The applicant argues in its written memorandum to the Chair of this committee that the public policy issues were debated and resolved when the Partnerships Act was amended to create limited-liability partnerships. But those amendments provide that further legislation is required every time a profession seeks the right to practise in limited-liability partnership form. So far, only chartered accountants and lawyers have obtained such legislation, both by way of public legislation.

In my view, new questions of public policy are raised for each different profession. At the standing committee that considered the Partnerships Statute Law Amendment Act, 1998, counsel for the Ministry of Consumer and Commercial Relations, in his opening remarks on the general nature of the bill, said: "This type of status may not be appropriate for all professions. The legislation is structured in such a way as to provide an opportunity for the government and the Legislature to consider the policy issues relevant to each profession including the extent of liability exposure, the availability of insurance and the sophistication of the clients."

Another way of looking at this issue is to consider the private bill process and ask the following question: Is it appropriate to deal with the liability of a class of professionals by an expedited process, or is the effect that this bill will have on the general public such that it really should be dealt with by the comprehensive process that applies to public bills?

The Chair: Before I ask if there are any questions of Ms Klein, I want to welcome the group that just came in.
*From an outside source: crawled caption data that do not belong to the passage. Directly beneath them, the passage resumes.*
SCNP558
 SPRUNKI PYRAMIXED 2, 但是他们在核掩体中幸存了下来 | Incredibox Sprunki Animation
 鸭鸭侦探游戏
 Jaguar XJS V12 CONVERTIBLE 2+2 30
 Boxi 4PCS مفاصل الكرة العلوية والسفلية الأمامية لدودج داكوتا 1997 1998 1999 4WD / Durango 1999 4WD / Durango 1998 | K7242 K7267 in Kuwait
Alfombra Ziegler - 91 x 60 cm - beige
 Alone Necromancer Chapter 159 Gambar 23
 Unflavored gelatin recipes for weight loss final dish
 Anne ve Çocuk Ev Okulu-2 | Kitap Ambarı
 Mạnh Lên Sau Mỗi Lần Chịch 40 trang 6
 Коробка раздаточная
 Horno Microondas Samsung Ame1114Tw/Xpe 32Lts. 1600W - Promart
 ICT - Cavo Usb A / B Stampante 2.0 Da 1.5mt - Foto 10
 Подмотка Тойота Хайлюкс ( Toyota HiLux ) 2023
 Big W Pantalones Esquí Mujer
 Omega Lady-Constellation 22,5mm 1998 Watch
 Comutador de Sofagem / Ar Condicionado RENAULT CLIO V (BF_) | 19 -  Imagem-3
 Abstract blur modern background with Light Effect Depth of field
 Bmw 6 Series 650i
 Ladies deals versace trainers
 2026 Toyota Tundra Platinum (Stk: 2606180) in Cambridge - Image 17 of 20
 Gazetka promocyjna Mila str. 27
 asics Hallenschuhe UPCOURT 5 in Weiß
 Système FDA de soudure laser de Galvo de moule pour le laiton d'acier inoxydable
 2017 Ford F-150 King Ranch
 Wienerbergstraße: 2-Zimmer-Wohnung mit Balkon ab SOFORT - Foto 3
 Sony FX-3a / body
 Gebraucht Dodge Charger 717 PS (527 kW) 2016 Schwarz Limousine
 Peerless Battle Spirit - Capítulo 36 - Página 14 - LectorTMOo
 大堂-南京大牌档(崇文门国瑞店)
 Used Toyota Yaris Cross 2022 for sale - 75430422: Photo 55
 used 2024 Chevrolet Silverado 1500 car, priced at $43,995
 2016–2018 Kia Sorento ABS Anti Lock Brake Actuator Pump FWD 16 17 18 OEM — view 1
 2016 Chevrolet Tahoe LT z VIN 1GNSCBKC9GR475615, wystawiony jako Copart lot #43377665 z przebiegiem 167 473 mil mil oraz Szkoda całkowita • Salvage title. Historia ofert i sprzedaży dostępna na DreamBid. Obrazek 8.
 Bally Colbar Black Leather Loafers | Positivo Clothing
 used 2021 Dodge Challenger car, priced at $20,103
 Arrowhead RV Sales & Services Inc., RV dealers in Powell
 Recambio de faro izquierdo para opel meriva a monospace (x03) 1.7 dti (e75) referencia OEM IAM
It's my understanding they are folks from across Canada, hired by the Canadian Parliamentary Association, and they're preparing to work as interns in parliaments throughout South Africa. Are you heading out fairly soon?

Interjection: Next week.

The Chair: Well, on behalf of this committee, good luck to you. It will be quite an experience for you. Welcome.

Are there any questions of Ms Klein regarding her submission?

Mr Brad Clark (Stoney Creek): Can you explain to me why, in a previous submission from the legal counsel for the Legislative Assembly, they stated that a private bill would be appropriate for this situation?

Ms Klein: You're talking about when the Partnerships Statute Law Amendment Act was before the standing committee?

Mr Clark: Yes.

Ms Klein: And the statement was that you couldn't amend the CGA act by public legislation?

Mr Clark: No. The original position of legislative counsel, as I understand it, was that it was appropriate for this amendment to take place through a private bill. That was the original position, as I recall seeing it before. Now we have a different viewpoint from legislative counsel.

Ms Klein: My understanding is that when the Partnerships Statute Law Amendment Act, 1998, was before the standing committee, a motion was requested by one of the opposition members to amend the bill to provide LLPs for CGAs. A motion was prepared and advice was given to the opposition party asking for the motion. I know this because I was given the document. I was given the memo by the CGAs. Legislative counsel said that the CGA act could not be amended by a public act, because the CGA act was a private act. I don't think he said it was appropriate to amend by private-I don't agree with that statement. I don't think that was right. We reviewed it in our office.

Mr Clark: So there's a difference of opinion?

Ms Klein: No. I think the view of our office as a whole, and we've reviewed that statement, is that incorrect information was given the first time. The opinion of the office of legislative counsel is that public legislation can amend private legislation.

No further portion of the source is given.